**Problem details:** Nothing but the lines from the one with "Czy piercing jest bezpieczny?" through the final line of the entries should appear in the answer, copied exactly and without pictures.

==== Data to use ====

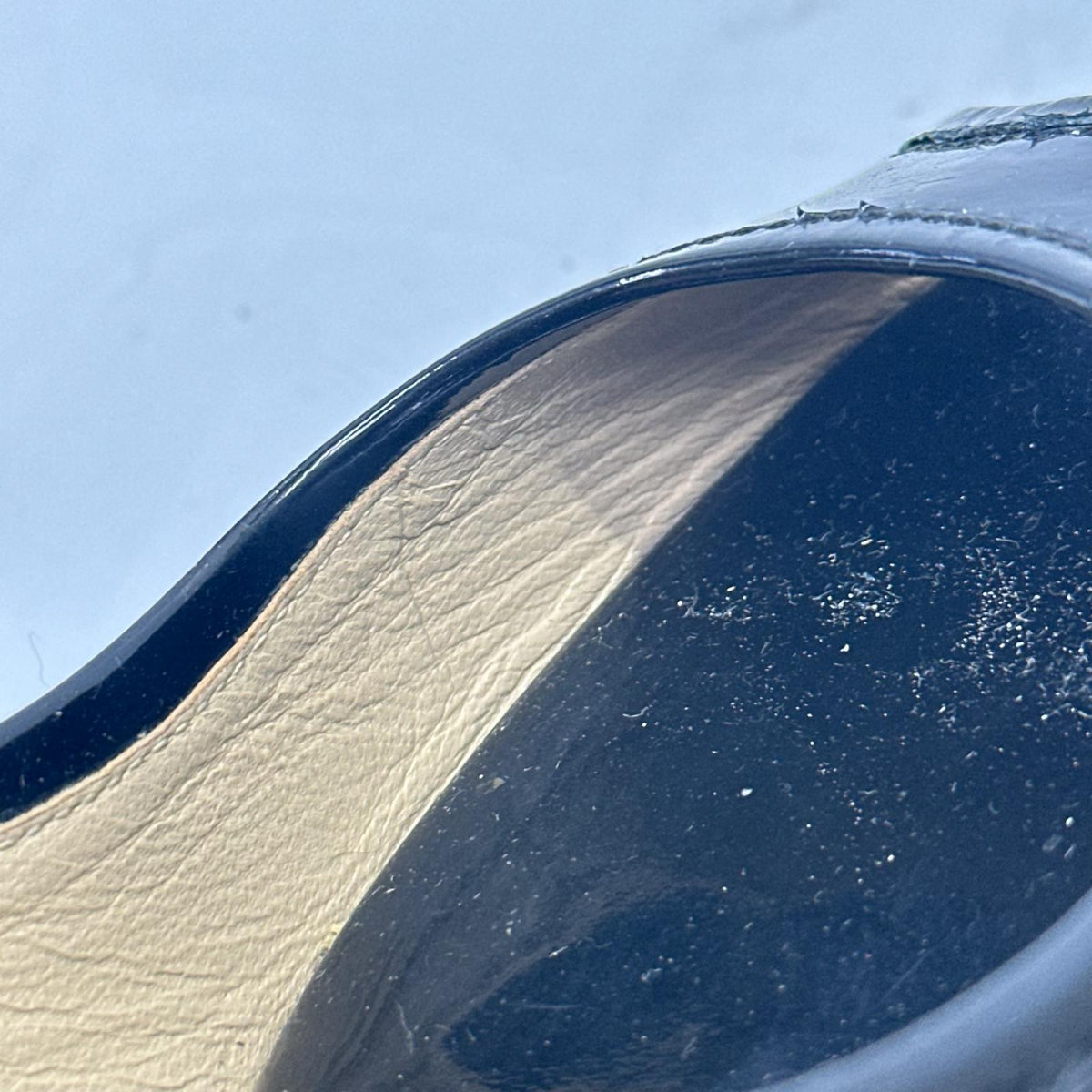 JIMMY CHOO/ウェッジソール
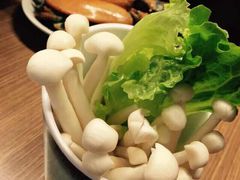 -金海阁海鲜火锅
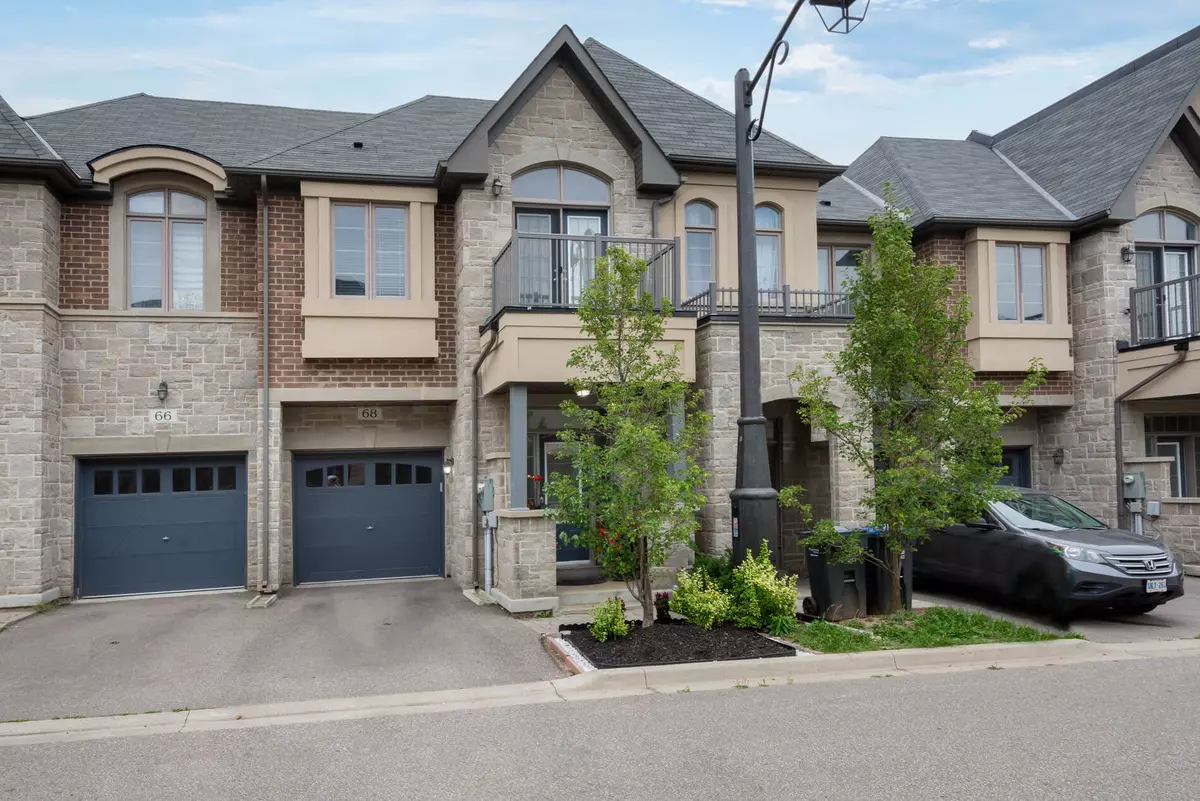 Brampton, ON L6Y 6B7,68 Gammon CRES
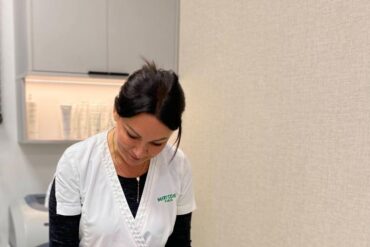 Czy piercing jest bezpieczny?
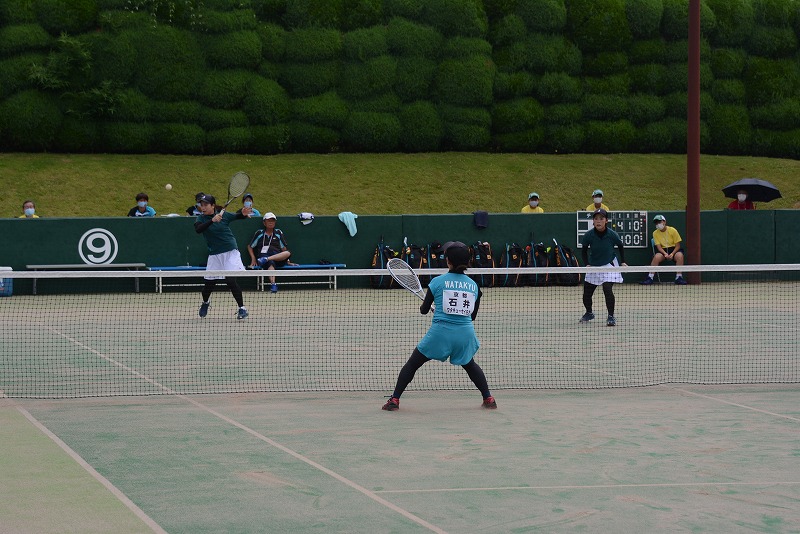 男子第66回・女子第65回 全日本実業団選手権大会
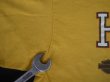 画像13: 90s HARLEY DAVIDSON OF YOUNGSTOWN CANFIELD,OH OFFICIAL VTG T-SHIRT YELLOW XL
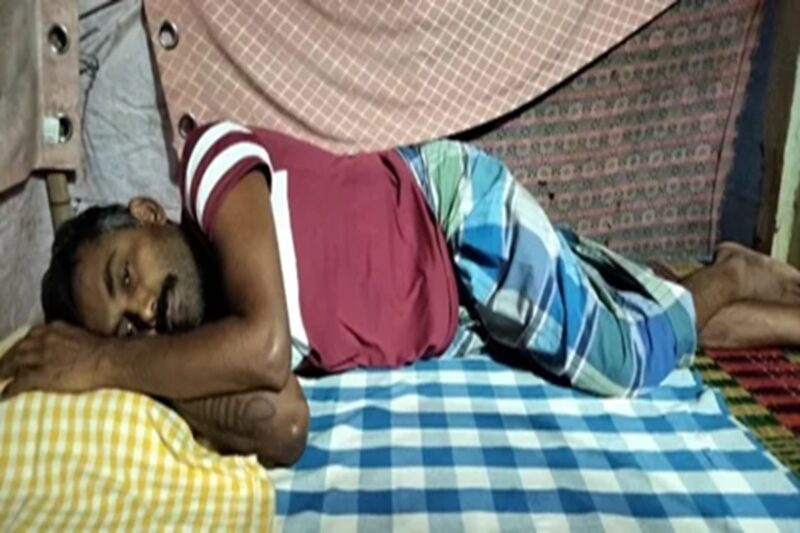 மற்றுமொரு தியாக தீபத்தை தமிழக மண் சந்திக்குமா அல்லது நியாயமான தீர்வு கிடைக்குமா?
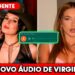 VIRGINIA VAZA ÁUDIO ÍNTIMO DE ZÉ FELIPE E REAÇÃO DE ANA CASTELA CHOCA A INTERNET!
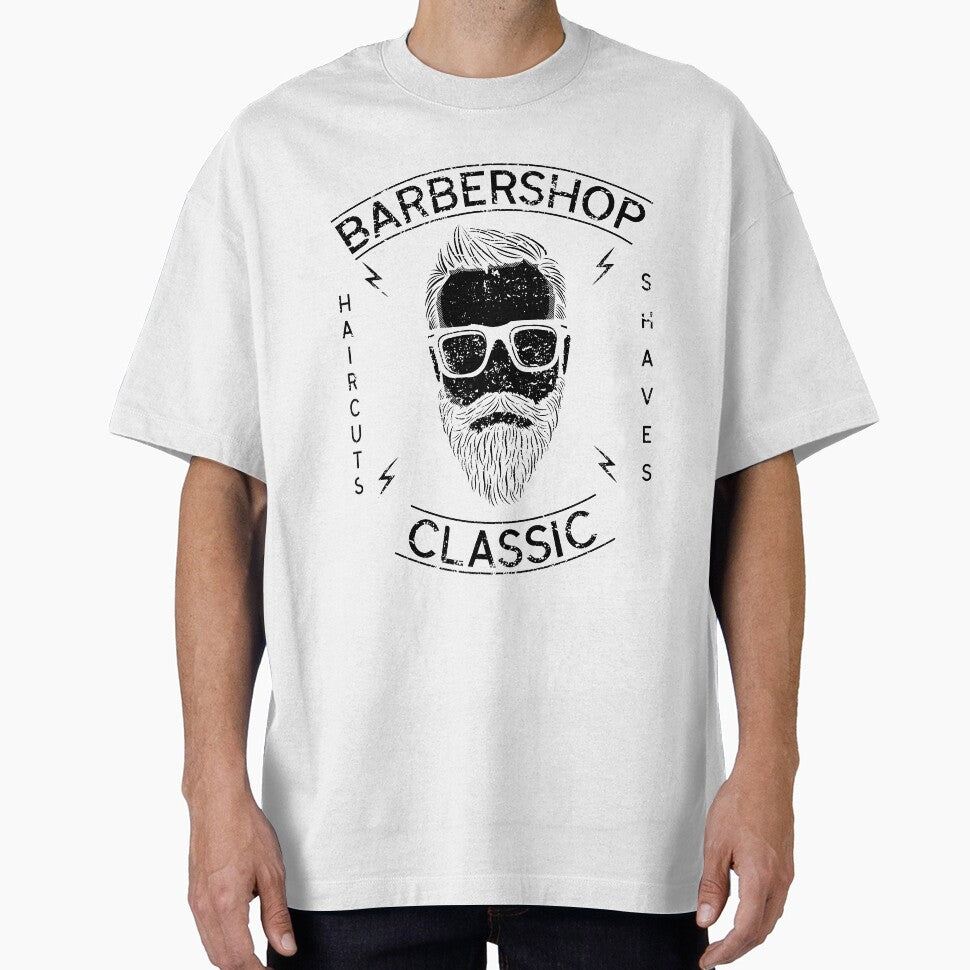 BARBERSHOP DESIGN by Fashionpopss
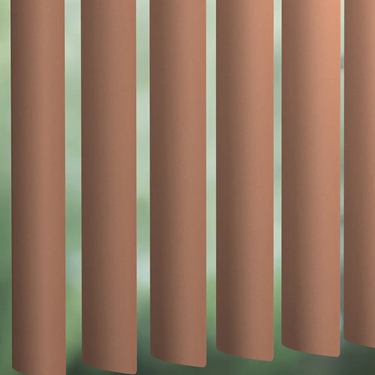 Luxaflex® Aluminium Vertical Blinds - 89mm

====

**Result of the task:**
 Czy piercing jest bezpieczny?
 男子第66回・女子第65回 全日本実業団選手権大会
 画像13: 90s HARLEY DAVIDSON OF YOUNGSTOWN CANFIELD,OH OFFICIAL VTG T-SHIRT YELLOW XL
 மற்றுமொரு தியாக தீபத்தை தமிழக மண் சந்திக்குமா அல்லது நியாயமான தீர்வு கிடைக்குமா?
 VIRGINIA VAZA ÁUDIO ÍNTIMO DE ZÉ FELIPE E REAÇÃO DE ANA CASTELA CHOCA A INTERNET!
 BARBERSHOP DESIGN by Fashionpopss
 Luxaflex® Aluminium Vertical Blinds - 89mm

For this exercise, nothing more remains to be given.